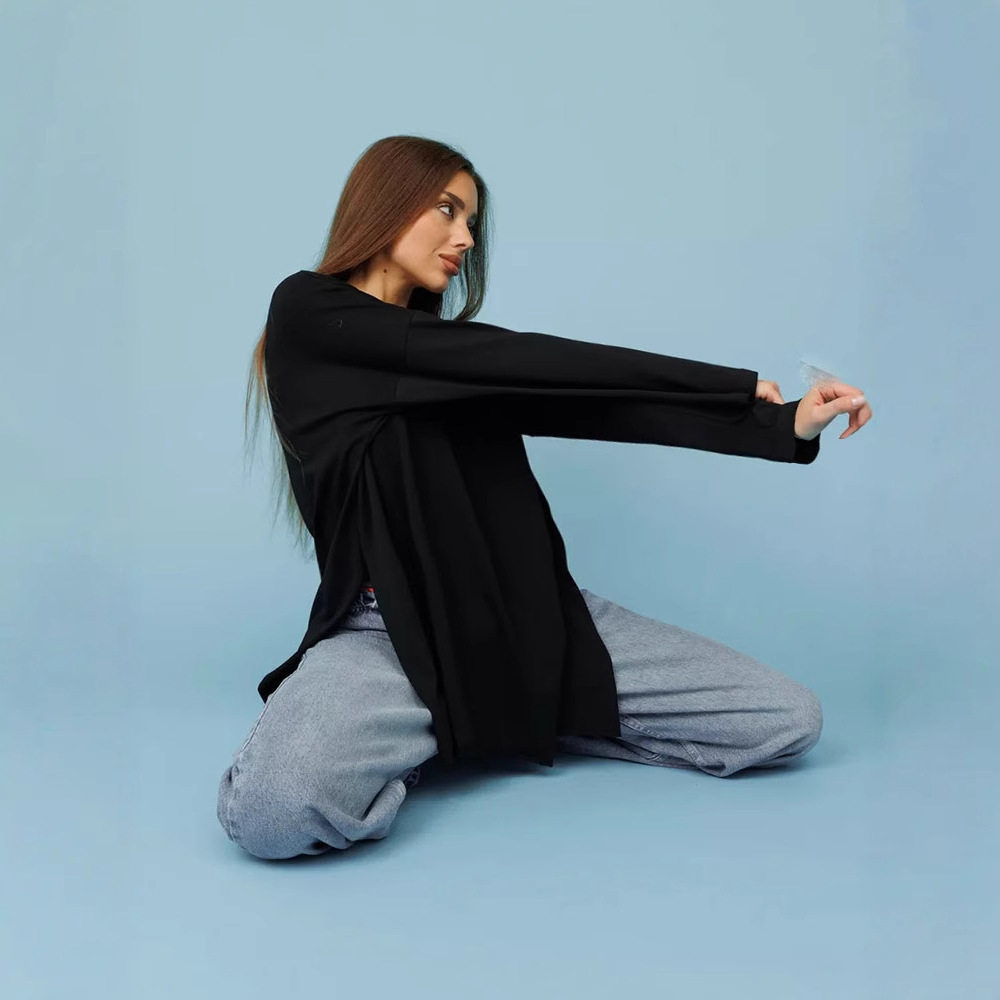 Womens Long Sleeve T Shirt Loose Fit Cotton Fabric Split Hem Casual Spring and Autumn Wear Wholesale Available
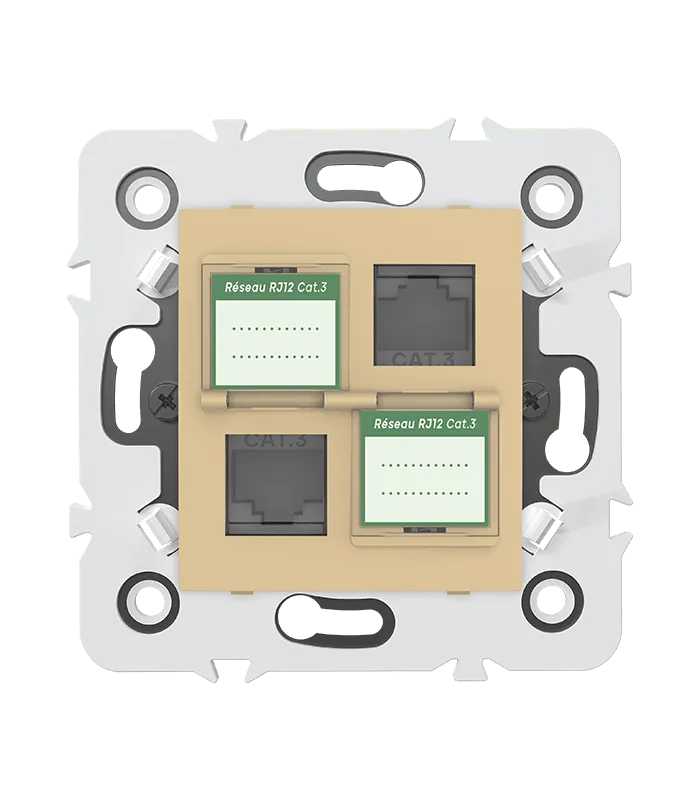 Double prise RJ12 CAT.3 + obturateurs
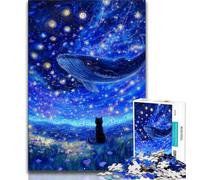 Jigsaws Puzzles 1000 Pieces for Teenagers Gifts Whales Under The Starry Sky,Challenging Game for Is Ideal As A Gift for The Whole Family (75x50cm)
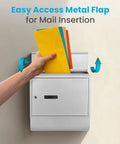 Locking Wall Mount Mailbox Built To Last, Weatherproof Steel With Secure Key Lock, shown with metal flap open inserting mail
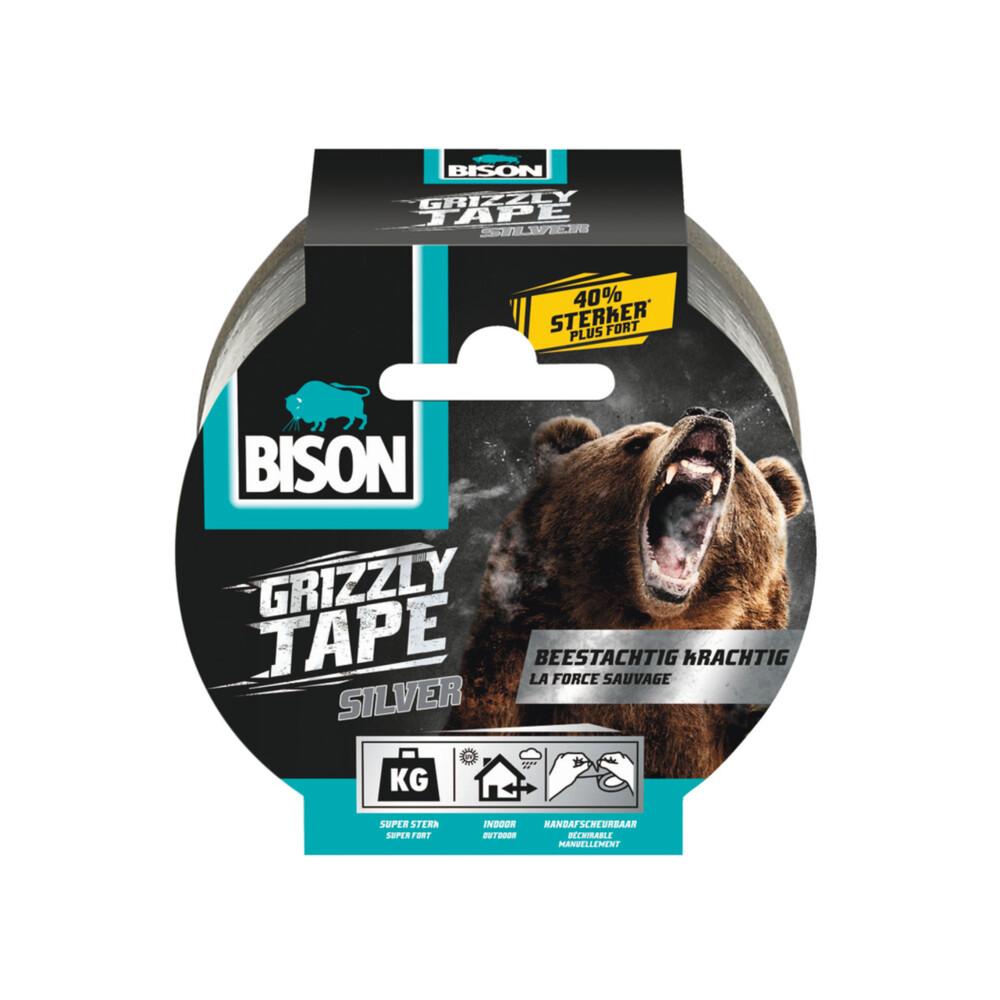 Bison Grizzly tape zilver rol 10 mtr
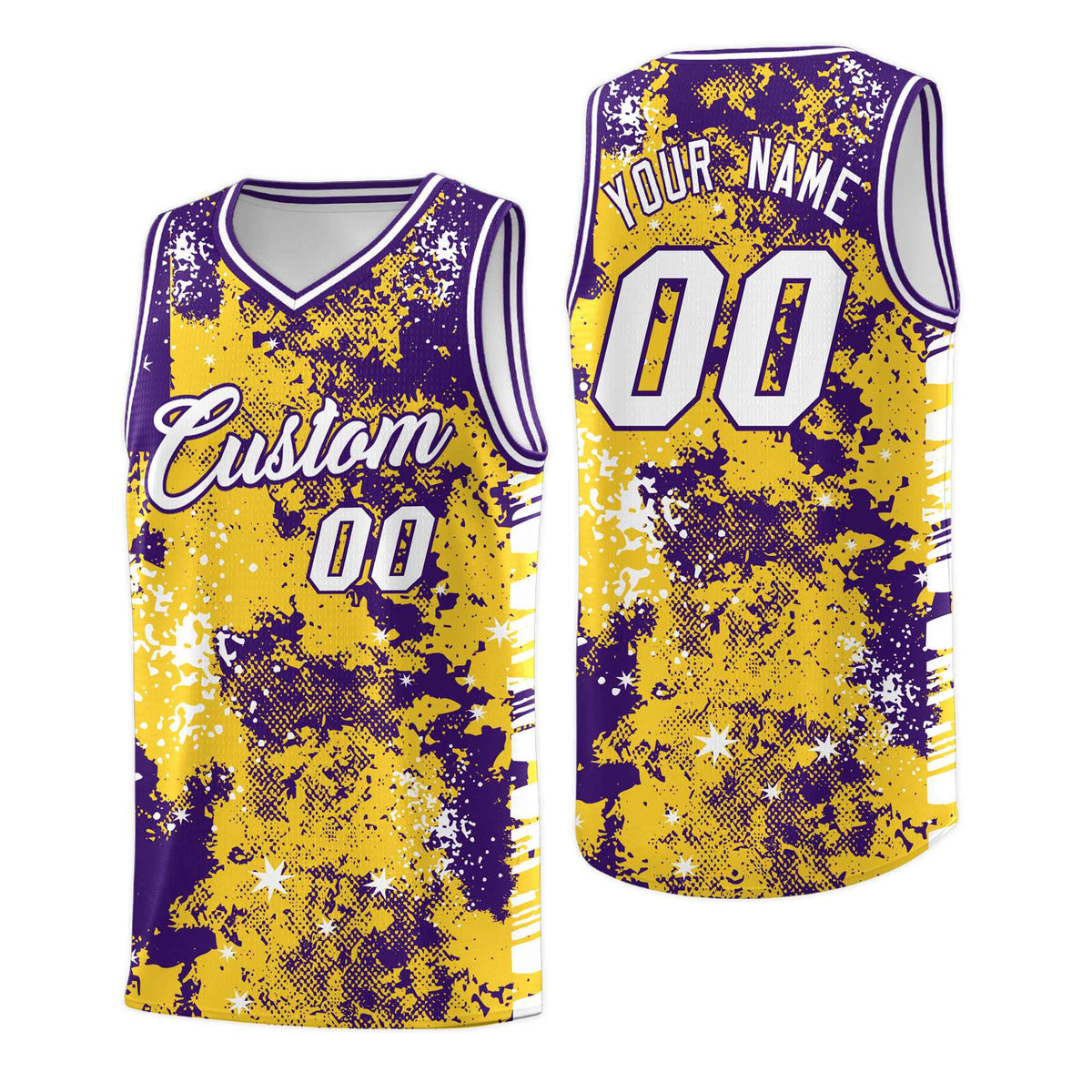 Custom Gold Purple Vice Burst Galactic Graffiti Drapable Basketball Jersey
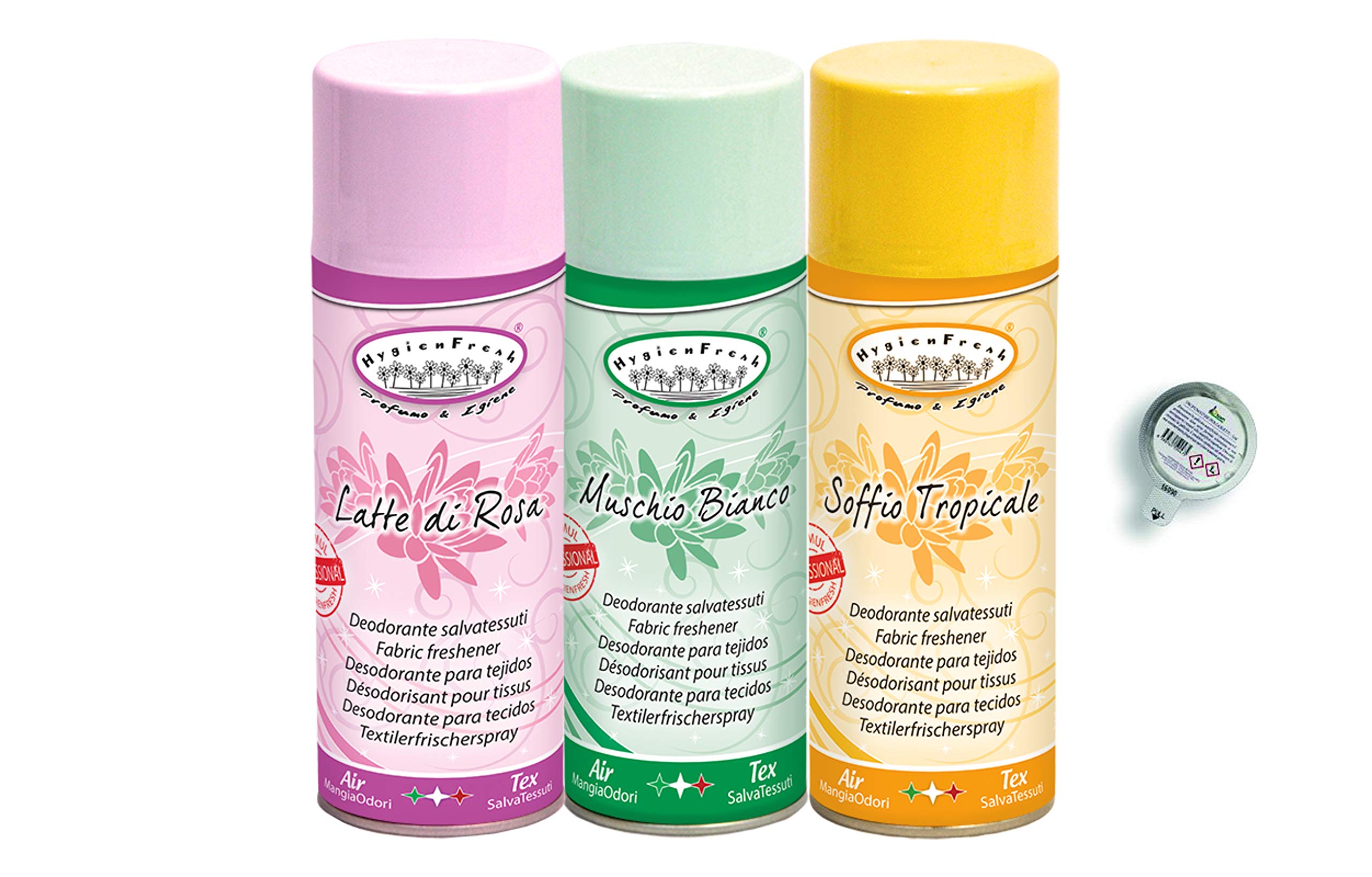 HygienFresh Deodorante Spray Tessuti Rinfresca Capi Ambienti Profumo Bucato Salvatessuti Muschio Bianco Latte di Rosa Soffio Tropicale 3x400Ml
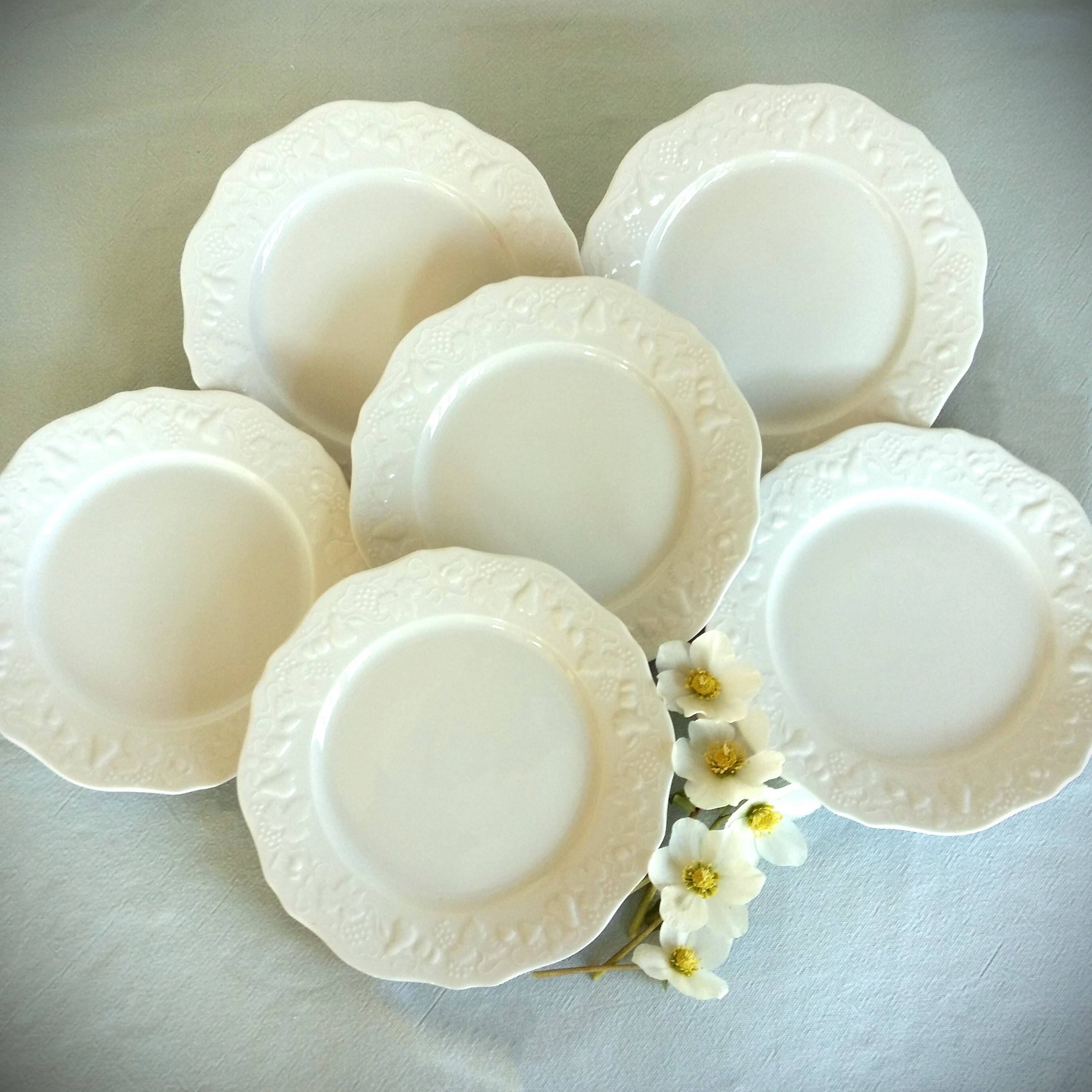 SIX Limoges Dinner Plates.  White Limoges Porcelain Plates.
* * * *
Would you please transcribe the listing in full, exactly, while omitting the images?

EXERCISE RESPONSE:
 Womens Long Sleeve T Shirt Loose Fit Cotton Fabric Split Hem Casual Spring and Autumn Wear Wholesale Available
 Double prise RJ12 CAT.3 + obturateurs
 Jigsaws Puzzles 1000 Pieces for Teenagers Gifts Whales Under The Starry Sky,Challenging Game for Is Ideal As A Gift for The Whole Family (75x50cm)
 Locking Wall Mount Mailbox Built To Last, Weatherproof Steel With Secure Key Lock, shown with metal flap open inserting mail
 Bison Grizzly tape zilver rol 10 mtr
 Custom Gold Purple Vice Burst Galactic Graffiti Drapable Basketball Jersey
 HygienFresh Deodorante Spray Tessuti Rinfresca Capi Ambienti Profumo Bucato Salvatessuti Muschio Bianco Latte di Rosa Soffio Tropicale 3x400Ml
 SIX Limoges Dinner Plates.  White Limoges Porcelain Plates.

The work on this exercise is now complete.